→ Exercise objective
The full set of entries is to be printed exactly, with pictures excluded.

→ Raw data
--- START ---
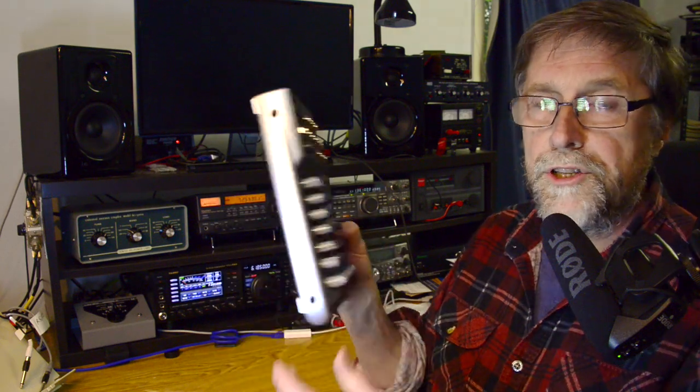Of course, I could use this for transmitting purposes as well as an amateur radio operator by putting my microphone in here, altering the controls before sending it off to the radio and having it transmitted. But I don't do too much transmitting these days, so it's not something that I've really bothered with. The focus of this is to actually bring together the received audio out of the radios.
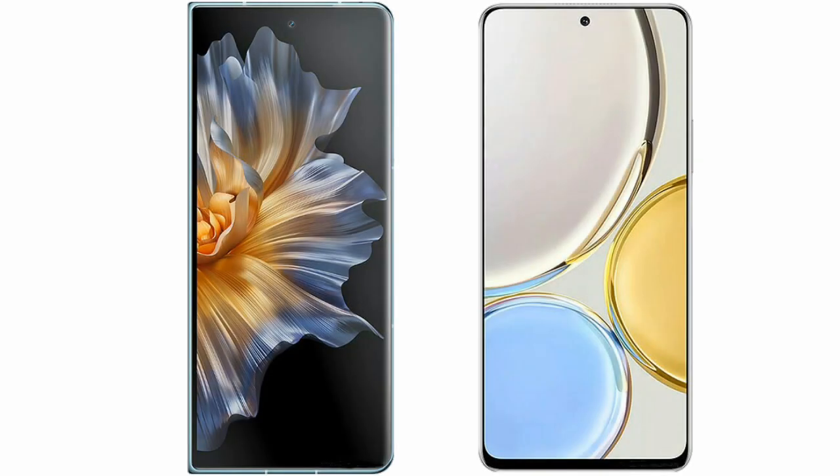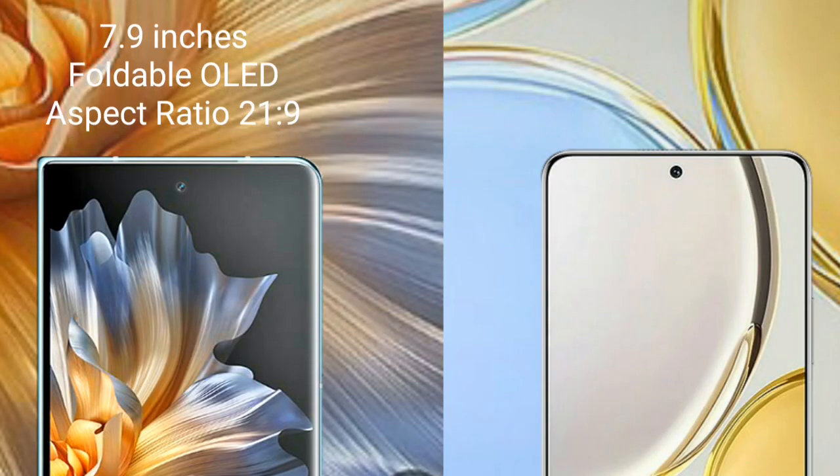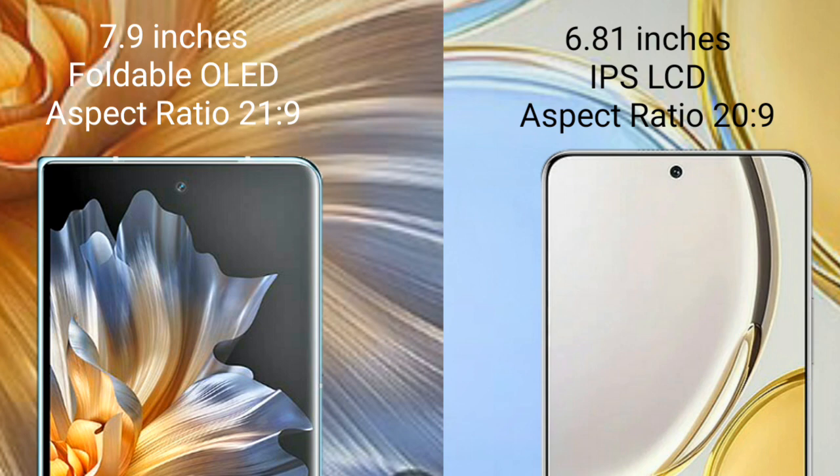I will compare the new Honor Magic Vs with Honor X9. Honor Magic Vs comes with a 7.9 inches foldable OLED display and aspect ratio 21:9. Honor X9 comes with a 6.81 inches IPS display and aspect ratio 20:9.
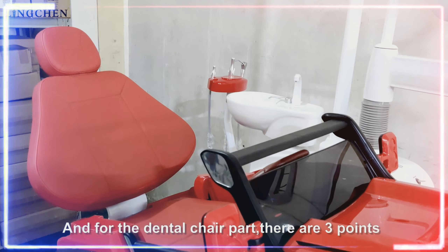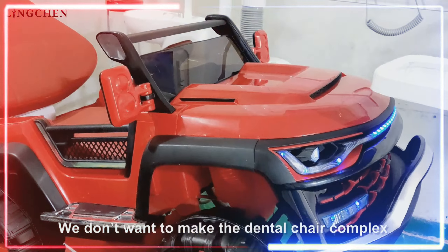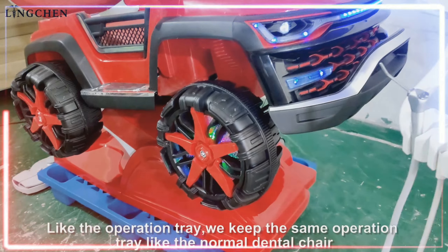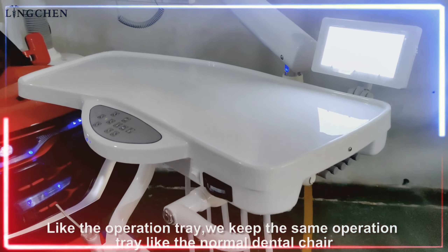For the dental chair, there are three points. First is the design. We don't want to make the dental chair complex. We keep the same operation as the normal dental chair.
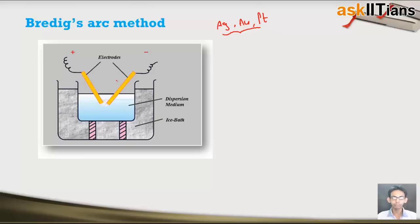In this setup, if you see this diagram, you will notice that there are two metallic electrodes which are immersed in a dispersion medium like water. This dispersion medium is kept at very low temperature because of an ice bath. We have the two electrodes immersed in the cold dispersion medium, and we pass electric current through these electrodes, because of which an electric arc is produced.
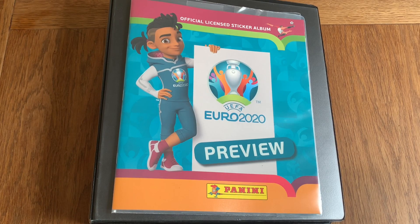Hello everyone, today we're doing a full binder update of the UEFA Euro 2020 complete album collection, of course made by Panini. We're done in a very good time and we've got every single sticker — can't wait to show this to you guys.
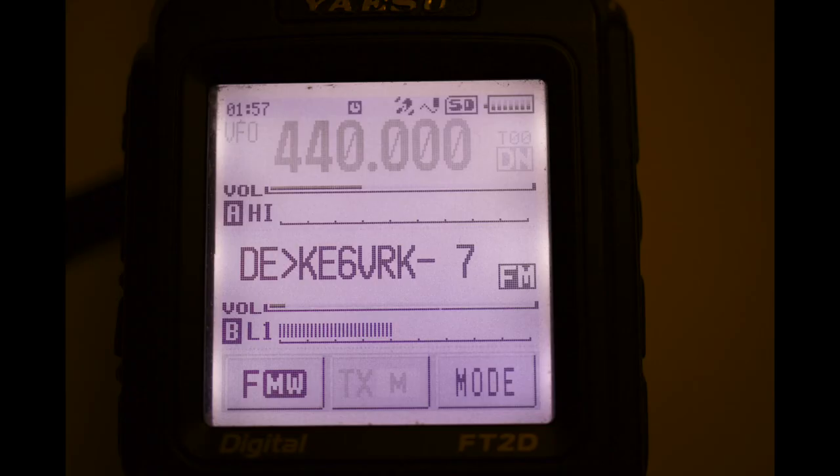You will now start receiving APRS. You will see pop-ups and messages which give you the call sign of the other station. If you liked the video, give us a thumbs up and subscribe to the channel. Leave us some comments if you find any other interesting facts about the radio or if you have tried other things. Let us know and have fun with the radio.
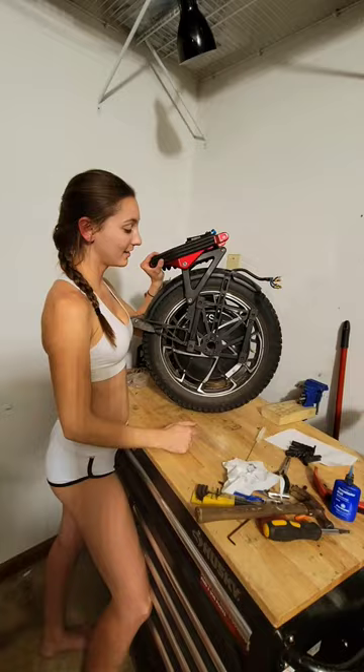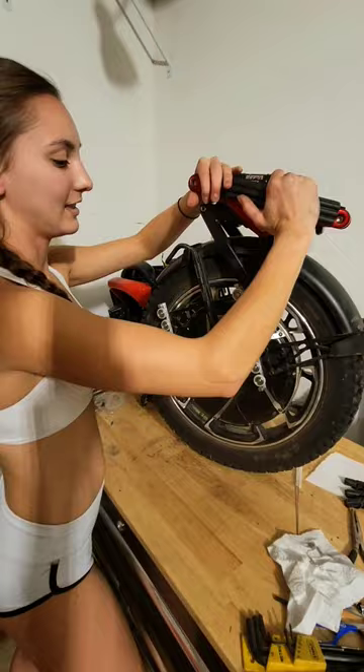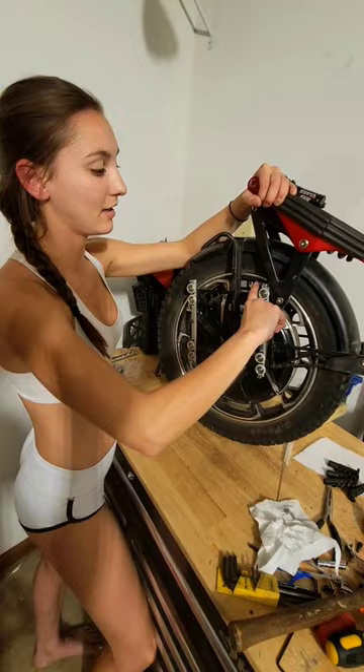Alright guys, so I finally got this taken apart. These right here are the stock sliders — they move up and down in the metal housing and they create a ton of friction. But over here, these are the upgraded sliders and they roll up and down in the metal housing creating way less friction. So it's awesome.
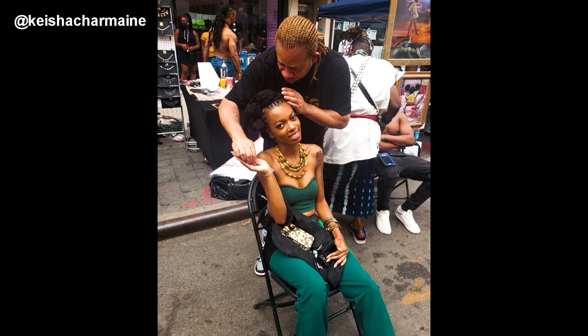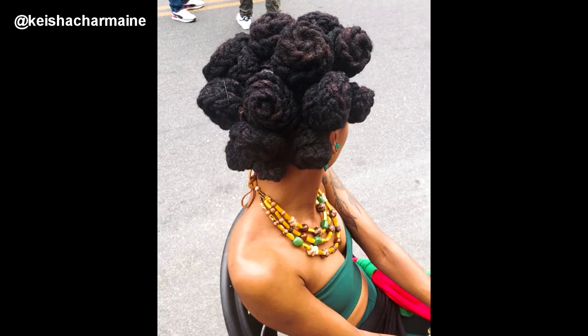If you've seen my last video, you know that I modeled at the Juneteenth hair show for Tando Kafele, and he styled my hair all over in these beautiful bantu knots. I wanted to do a variation of the style on my own.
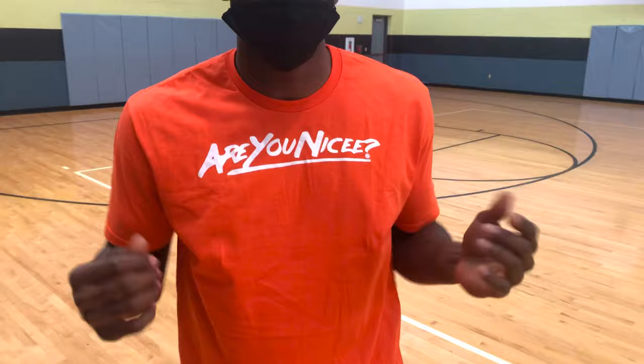What's going on everyone? Welcome back to the channel. It's your boy Taravonic Brooks. We're getting it in today. Are you nice? I don't know, we'll see.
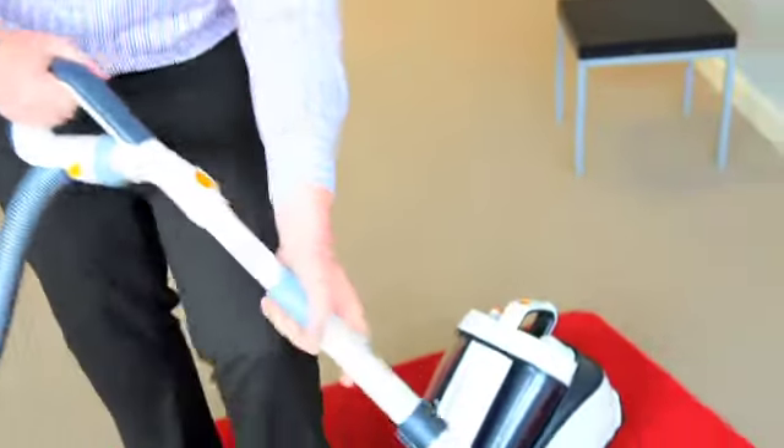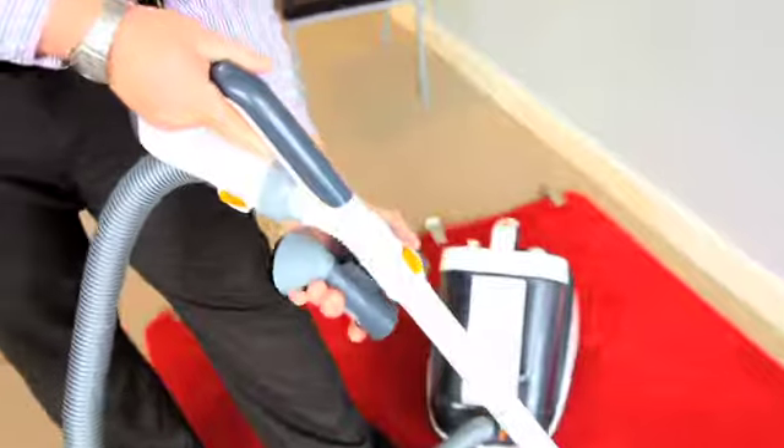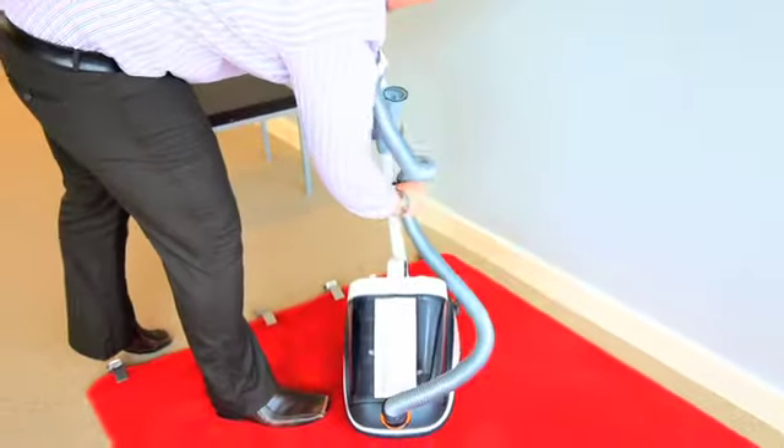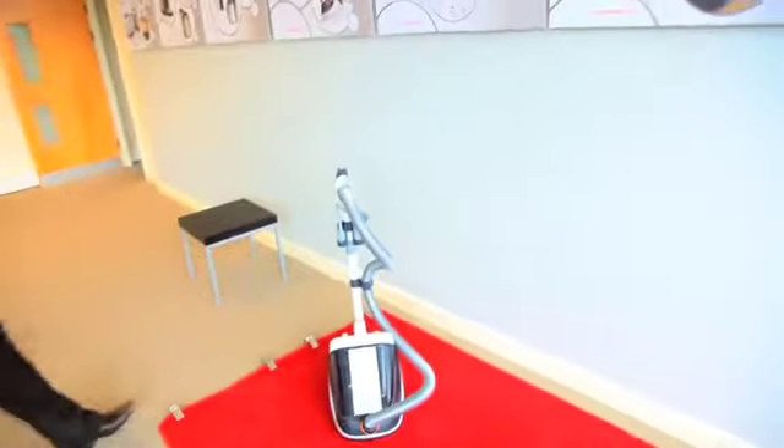So I've got the tube, just put the tools on the handle and you're ready to go. It's pretty intuitive and it should be easy to set the product up in seconds and then get on with the task of cleaning your house.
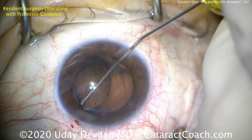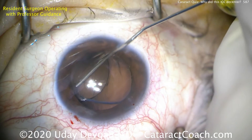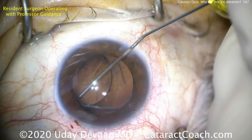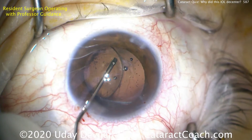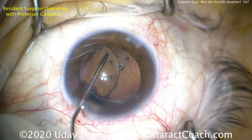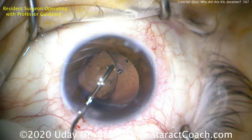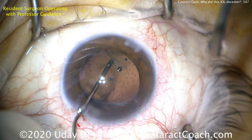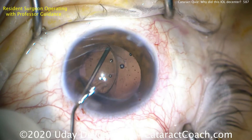Our first step here is to get underneath the capsular edge and inject our dispersive viscoelastic. We can't quite get it on that side, so we'll go around to the other side — getting under the capsular edge, and once we have that, injecting the dispersive viscoelastic to dissect open the capsular bag. That visco dissection is nice and gentle and very effective.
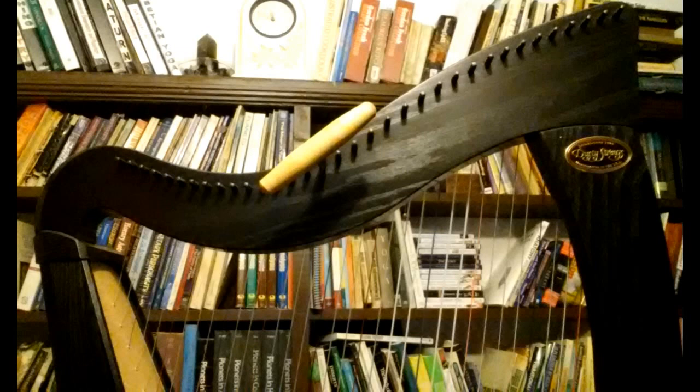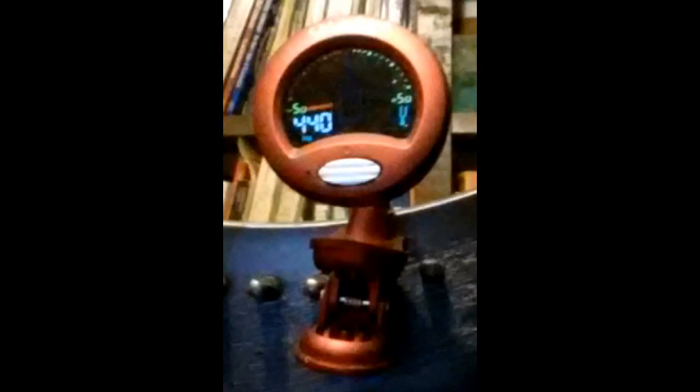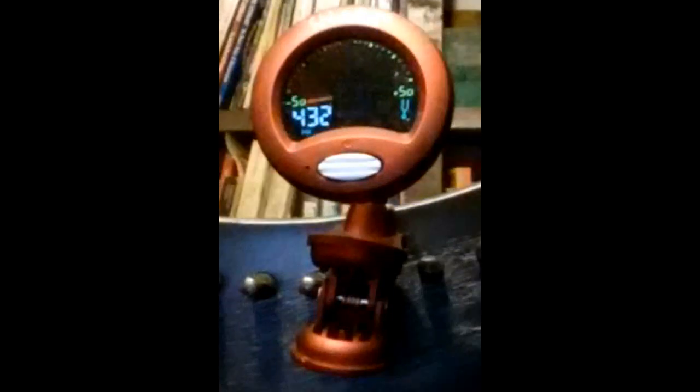Once you have tuned your harp a time or two, this will become second nature. In this picture you can see the tuner is set to 440 Hertz, which is usually the default on most tuners. In this picture you can see I have adjusted the tuning to 432 Hertz, which is where I tune my harp.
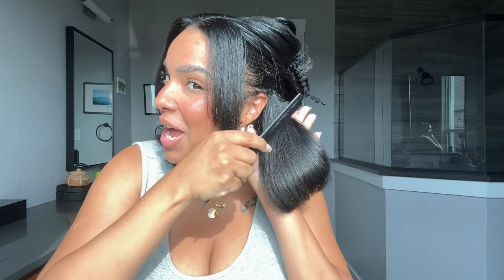Look at that shine — I cannot wait till y'all see what I used to get this hair. I cannot wait, but we got to be patient. I'm not allowed to talk about it yet.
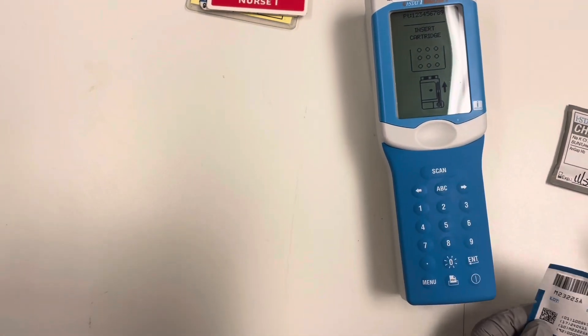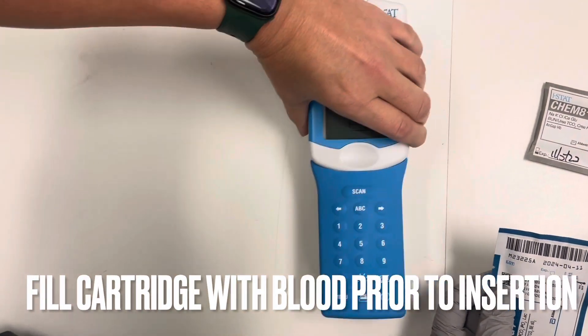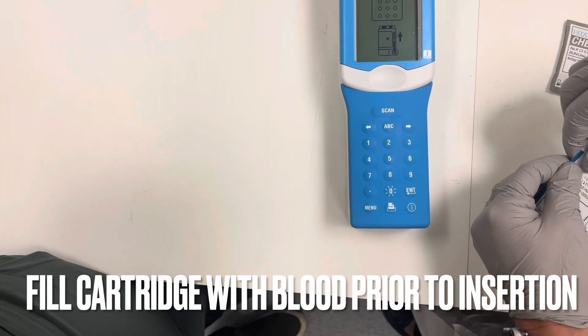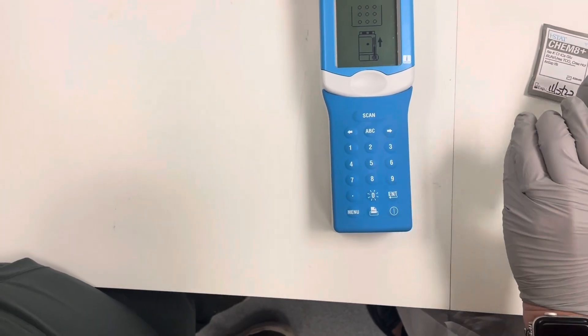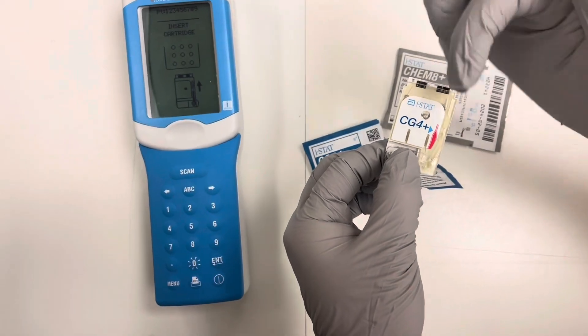It says insert cartridge. We want to make sure we fill our cartridge with blood before we insert it. So we are going to open our package, only touching the bottom and the sides — never touching the top or the center.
--- END ---
→ Your solution
Of course, I could use this for transmitting purposes as well as an amateur radio operator by putting my microphone in here, altering the controls before sending it off to the radio and having it transmitted. But I don't do too much transmitting these days, so it's not something that I've really bothered with. The focus of this is to actually bring together the received audio out of the radios.
I will compare the new Honor Magic Vs with Honor X9. Honor Magic Vs comes with a 7.9 inches foldable OLED display and aspect ratio 21:9. Honor X9 comes with a 6.81 inches IPS display and aspect ratio 20:9.
For the dental chair, there are three points. First is the design. We don't want to make the dental chair complex. We keep the same operation as the normal dental chair.
In this setup, if you see this diagram, you will notice that there are two metallic electrodes which are immersed in a dispersion medium like water. This dispersion medium is kept at very low temperature because of an ice bath. We have the two electrodes immersed in the cold dispersion medium, and we pass electric current through these electrodes, because of which an electric arc is produced.
Hello everyone, today we're doing a full binder update of the UEFA Euro 2020 complete album collection, of course made by Panini. We're done in a very good time and we've got every single sticker — can't wait to show this to you guys.
You will now start receiving APRS. You will see pop-ups and messages which give you the call sign of the other station. If you liked the video, give us a thumbs up and subscribe to the channel. Leave us some comments if you find any other interesting facts about the radio or if you have tried other things. Let us know and have fun with the radio.
Alright guys, so I finally got this taken apart. These right here are the stock sliders — they move up and down in the metal housing and they create a ton of friction. But over here, these are the upgraded sliders and they roll up and down in the metal housing creating way less friction. So it's awesome.
If you've seen my last video, you know that I modeled at the Juneteenth hair show for Tando Kafele, and he styled my hair all over in these beautiful bantu knots. I wanted to do a variation of the style on my own.
What's going on everyone? Welcome back to the channel. It's your boy Taravonic Brooks. We're getting it in today. Are you nice? I don't know, we'll see.
So I've got the tube, just put the tools on the handle and you're ready to go. It's pretty intuitive and it should be easy to set the product up in seconds and then get on with the task of cleaning your house.
Our first step here is to get underneath the capsular edge and inject our dispersive viscoelastic. We can't quite get it on that side, so we'll go around to the other side — getting under the capsular edge, and once we have that, injecting the dispersive viscoelastic to dissect open the capsular bag. That visco dissection is nice and gentle and very effective.
Once you have tuned your harp a time or two, this will become second nature. In this picture you can see the tuner is set to 440 Hertz, which is usually the default on most tuners. In this picture you can see I have adjusted the tuning to 432 Hertz, which is where I tune my harp.
Look at that shine — I cannot wait till y'all see what I used to get this hair. I cannot wait, but we got to be patient. I'm not allowed to talk about it yet.
It says insert cartridge. We want to make sure we fill our cartridge with blood before we insert it. So we are going to open our package, only touching the bottom and the sides — never touching the top or the center.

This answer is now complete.